No es necesario decir que esto suele sucederle o ser victimas de ello, a los famosos, las personas conocidas o que en algun momento sean noticia. Es un poco el precio de la fama...todos tenemos un precio...o eso piensan ellos.

Ni soy famoso, ni conocido, ni tampoco, al menos por el momento soy el objetivo de ningun "rellena paginas". De serlo, indudablemente creo que seria de lo mas selectivo, o incluso trataria de pasar desapercibido de cara a la prensa.

Klara, tu lo estas haciendo muy bien. Ofreces tu trabajo, que muchos valoramos, grabas tus discos, asistes a diferentes eventos con motivo de tu trabajo, y en definitiva haces lo que a ti te gusta. El periodista que se acerque a ti atraido por tu popularidad, que pague una exclusiva, y por supuesto incluso diria que bajo un contrato de condiciones con el fin de evitar manipulaciones. Si como se dice, todos tenemos un precio, pues que se pague.

Antonio Vida 2017-11-08

Mas claro el agua. Vive tu vida felizmente y pasa de aquel que sea toxico.

Jorge 2017-11-08

Mas claro el agua...alejarse de ideologí­as polí­ticas de cualquier color es la mejor opción . Clara el arco del triunfo esta mudo desde q te has marchado

Jose Perez Soto 2017-11-09

Estimada Klara:

No esperes entender nunca a los españoles. De hecho, ni nosotros mismos lo conseguimos, y eso que llevamos varios siglos intentándolo.

Pero no nos juzgues mal. No somos hostiles contigo por ser extranjera. Lo somos con nosotros mismos, y nuestro eternos complejos. Tu simplemente te cruzastes por medio, como han hecho otros tantos miles de extranjeros y que, como ellos, no conseguís entendernos. Y no os falta razón: vosotros utilizáis el sentido común... nosotros utilizamos el sentido visceral.

Eres una gran profesional, y una mejor persona. No nos tomes en cuenta a nivel colectivo, y si a nivel individual. Justo ahí está nuestro fuerte: el persona a persona, nos entregamos al otro en cuerpo y alma....pero claro, eso no parece lo normal visto desde fuera.

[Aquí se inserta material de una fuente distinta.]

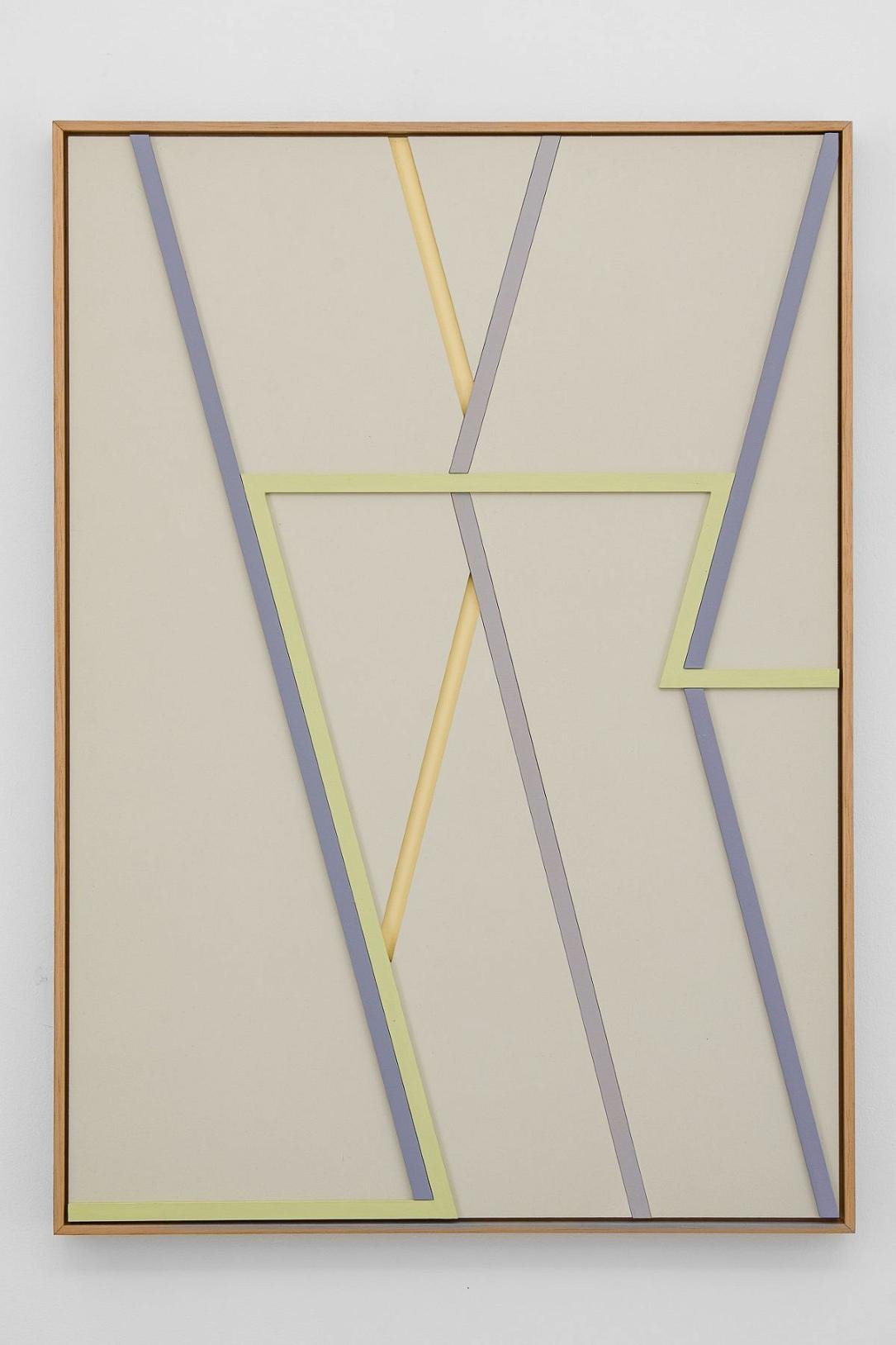Galerie românească Gaep expune la Miart Milano cu Vlad Albu, Felipe Cohen și alți artiști Galeria de artă Gaep va prezenta lucrări ale artiștilor Vlad Albu, Felipe Cohen, Cătălin Pîslaru și Raluca Popa la ediția din acest an a târgului internațional de artă Miart de la Milano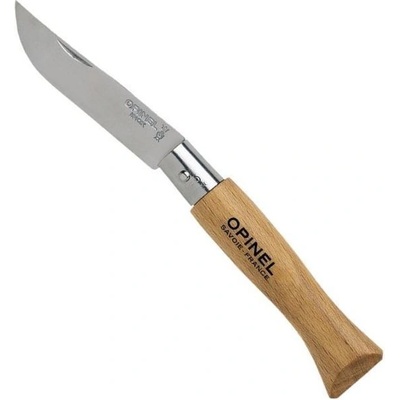 Opinel VRI N°05 Inox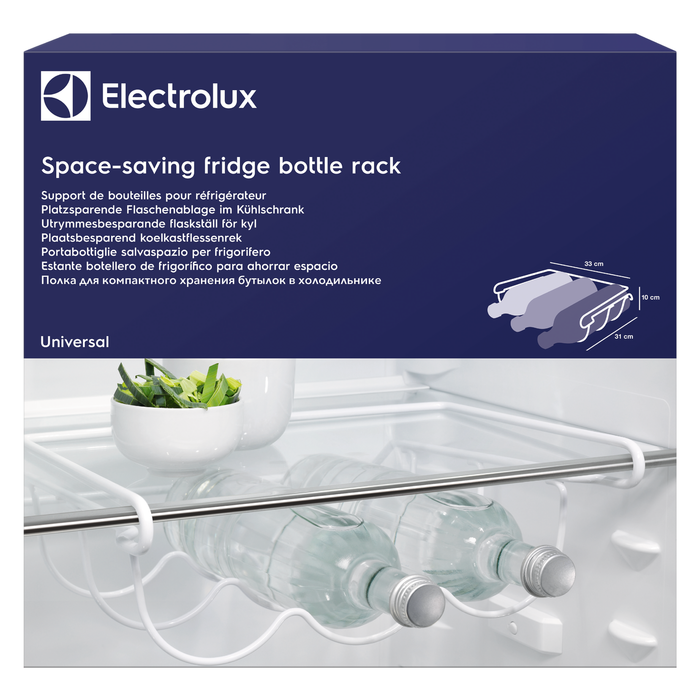 Electrolux - Akcesoria - E4RHBH01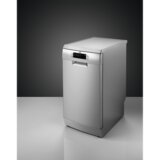 Aeg FFB73527ZM Prenosni pomivalni stroj | Shoptok.si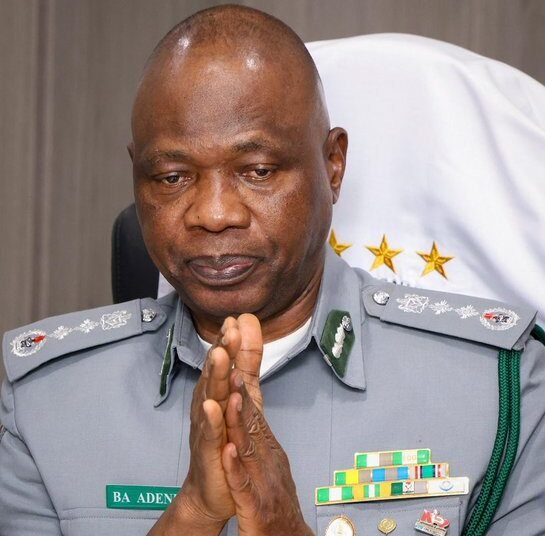 Nigeria’s national single window project on track for 2026 launch 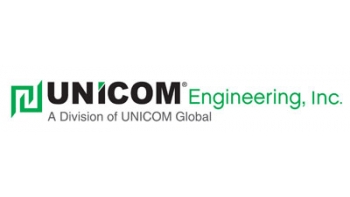 Unicom Engineering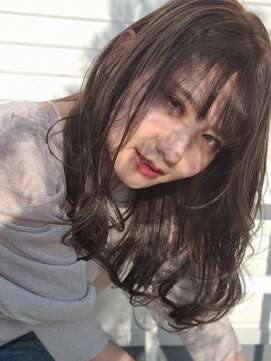 リトロボ(ritrovo) ベールカール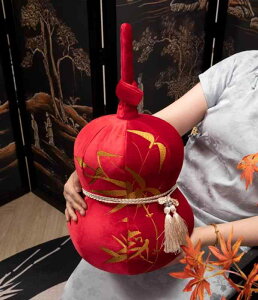 ֎q NbV  Ђ傤 ^bZ R  hJ | xxbh   CeA \t@ ărO Q ig  bNX Q Ǐ   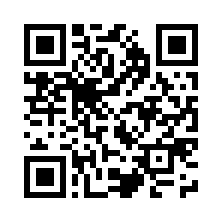 QR Code for 18WDFUMWP7mXDoiJd82Nw361irm3saiFQS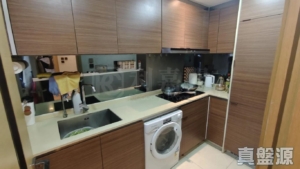 RESIDENCE 譽88 2座 - 28NTS – 香港北部都會區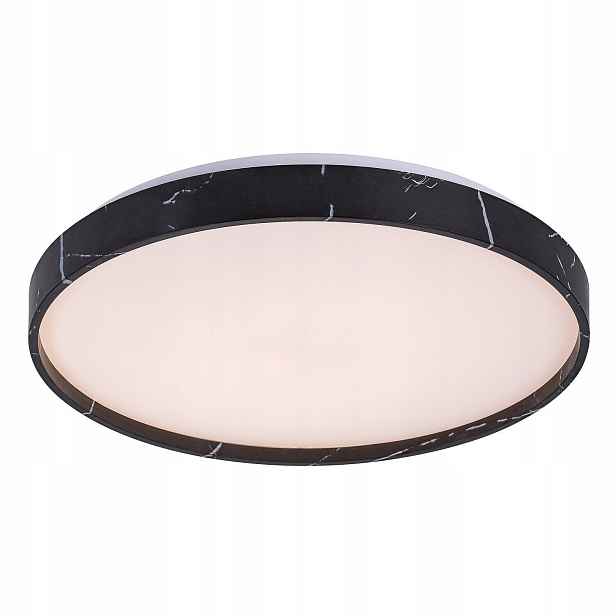 stropní svítidlo Led 24W Teresia 71517 Rabalux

Y en cuanto a los malos periodistas eso, por desgracia, no es exclusivo de aquí­. Solo hay que ver como se enjuicia desde fuera tan a la ligera los problemas que estamos teniendo ahora con el tema catalán... donde muchos corresponsales extranjeros aquí­ se ponen a enjuiciar algo que ni entienden ni comprenden... En todos los lados hay garbanzos negros.

Tu sigue progresando profesionalmente, y no hagas caso del entorno que, aparentemente, te pueda parecer hostil.

Un fuerte abrazo.

Belen D.C. 2017-11-11

Siento que ese sea el recuerdo que te llevas de Córdoba, no todo es así y no todos somos así­ en esta ciudad... Espero que además de esto que relatas, y que lamento mucho que te haya sucedido, te hayas llevado en el corazón otras anécdotas y recueros. Un abrazo. Se te echa de menos!!

Eduardo Amo del Prado 2017-11-11

Pese a toda la morralla, siempre seras Klara, la princesa de la puerta del puente, que sin ti nunca volverá a ser la de antes.